- **What to work on**:
For each line below with the word "Black", write out a copy.

(Stored items from a collection)
- - -
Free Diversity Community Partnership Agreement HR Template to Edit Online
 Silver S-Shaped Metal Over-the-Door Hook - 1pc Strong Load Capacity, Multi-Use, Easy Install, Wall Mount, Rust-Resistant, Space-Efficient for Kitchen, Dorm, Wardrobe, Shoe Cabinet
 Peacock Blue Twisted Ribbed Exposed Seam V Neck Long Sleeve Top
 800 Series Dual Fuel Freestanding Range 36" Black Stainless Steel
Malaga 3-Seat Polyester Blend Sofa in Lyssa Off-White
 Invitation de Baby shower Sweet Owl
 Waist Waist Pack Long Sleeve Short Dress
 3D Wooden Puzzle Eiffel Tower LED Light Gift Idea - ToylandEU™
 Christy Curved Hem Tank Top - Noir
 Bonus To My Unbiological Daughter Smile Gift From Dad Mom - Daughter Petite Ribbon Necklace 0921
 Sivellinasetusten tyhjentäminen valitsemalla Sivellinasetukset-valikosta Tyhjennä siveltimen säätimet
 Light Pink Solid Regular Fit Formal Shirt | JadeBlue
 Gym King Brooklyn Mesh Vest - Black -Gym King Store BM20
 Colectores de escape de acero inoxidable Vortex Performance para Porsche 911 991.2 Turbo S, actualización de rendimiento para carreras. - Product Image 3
- - -
- **Response to this exercise**:
 800 Series Dual Fuel Freestanding Range 36" Black Stainless Steel
 Gym King Brooklyn Mesh Vest - Black -Gym King Store BM20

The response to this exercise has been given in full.